Talented musicians and great production is not always enough

Already at the 13-minute-long opening number "Wut", it is clear that Finsterforst follows the same template as usual: Lengthy tracks filled to the brim with black and death riffs, acoustic and atmospheric elements, as well as plenty of Manowar/heroes-choir, but also both the power metalvokal and hard vocals. It is all spiced with a symphony orchestra in the background and something that seems like more or less the same harmonica melody on every track. The challenge of "Wut", but also on an otherwise excellent track like "Fluch Des Seins", is that the listener is difficult to keep up with all stemningsskiftene. It seems assumed and mechanical with all the abrupt transitions from the orchestra - and harmonikag√łgl to the beautiful, almost meditative moods. What is the purpose really?

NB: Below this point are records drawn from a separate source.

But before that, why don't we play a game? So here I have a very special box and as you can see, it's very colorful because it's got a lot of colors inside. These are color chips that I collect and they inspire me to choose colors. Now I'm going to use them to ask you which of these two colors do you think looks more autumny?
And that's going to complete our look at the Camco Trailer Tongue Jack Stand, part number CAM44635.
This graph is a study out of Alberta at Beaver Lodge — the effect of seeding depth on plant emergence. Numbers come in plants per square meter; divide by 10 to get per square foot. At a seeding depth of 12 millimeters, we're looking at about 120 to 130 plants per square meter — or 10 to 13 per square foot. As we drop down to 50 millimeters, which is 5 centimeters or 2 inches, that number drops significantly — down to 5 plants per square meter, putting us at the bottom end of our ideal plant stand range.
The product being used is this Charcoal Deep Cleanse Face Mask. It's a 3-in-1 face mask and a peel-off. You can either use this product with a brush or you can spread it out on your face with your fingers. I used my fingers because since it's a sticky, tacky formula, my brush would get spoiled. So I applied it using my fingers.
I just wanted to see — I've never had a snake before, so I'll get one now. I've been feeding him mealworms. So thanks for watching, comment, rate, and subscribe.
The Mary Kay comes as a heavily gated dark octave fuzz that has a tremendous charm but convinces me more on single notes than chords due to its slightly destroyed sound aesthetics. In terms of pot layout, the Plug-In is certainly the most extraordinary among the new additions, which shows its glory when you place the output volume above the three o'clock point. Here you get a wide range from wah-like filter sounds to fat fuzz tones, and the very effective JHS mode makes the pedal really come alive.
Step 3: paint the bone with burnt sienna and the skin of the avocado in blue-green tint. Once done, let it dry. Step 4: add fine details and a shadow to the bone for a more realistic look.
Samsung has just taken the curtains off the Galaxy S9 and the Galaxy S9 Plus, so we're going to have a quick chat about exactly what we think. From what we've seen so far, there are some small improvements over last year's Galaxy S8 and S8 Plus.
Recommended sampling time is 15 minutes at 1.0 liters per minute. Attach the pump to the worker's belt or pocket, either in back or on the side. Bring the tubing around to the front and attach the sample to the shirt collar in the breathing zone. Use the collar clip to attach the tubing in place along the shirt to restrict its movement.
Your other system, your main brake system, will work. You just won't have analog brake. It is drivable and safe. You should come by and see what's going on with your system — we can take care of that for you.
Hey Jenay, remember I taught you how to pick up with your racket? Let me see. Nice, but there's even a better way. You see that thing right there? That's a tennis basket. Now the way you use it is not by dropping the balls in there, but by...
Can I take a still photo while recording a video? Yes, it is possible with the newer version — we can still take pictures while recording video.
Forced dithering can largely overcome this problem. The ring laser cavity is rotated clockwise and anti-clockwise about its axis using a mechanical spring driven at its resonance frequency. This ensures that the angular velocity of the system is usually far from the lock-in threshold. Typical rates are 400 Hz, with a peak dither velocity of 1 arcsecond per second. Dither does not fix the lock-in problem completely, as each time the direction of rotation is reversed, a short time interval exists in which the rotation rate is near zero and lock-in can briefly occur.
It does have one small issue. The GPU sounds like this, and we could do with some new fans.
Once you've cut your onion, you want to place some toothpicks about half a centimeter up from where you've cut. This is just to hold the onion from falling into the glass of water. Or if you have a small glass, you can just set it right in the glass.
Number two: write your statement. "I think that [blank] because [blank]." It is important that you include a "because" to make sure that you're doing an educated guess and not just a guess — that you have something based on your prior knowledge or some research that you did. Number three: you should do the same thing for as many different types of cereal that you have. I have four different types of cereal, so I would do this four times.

After four songs that all goods in the vicinity of 10 minutes, culminating Zerfal at the 34-minute-long afslutningsnummer "Ecce Homo", which offers more of the same just even more elongated. "Ecce Homo" is also the title of philosopher Friedrich Nietzsche's last book, where he makes up with himself as a human being, and not least with his life's work as a thinker. One could piously hoped, that his compatriots in the Finsterforst will soon do the same, for "Ecce Homo" ends on a musical level. After several gennemlytninger is still not really some riffs or melodies, which have set in memory, not on the Zerfal in the whole. It has rather the annoying heltekor and the same accordion-pieces which almost appear annoying.

Finsterforst is, however, in spite of too skilled for it to go completely wrong. The production is really nice and suits both the grandiose and symphonic passages, but also the atmospheric. In spite of all the problems around the songwriting and arrangements, providing the band is actually on a pretty high level all the way through.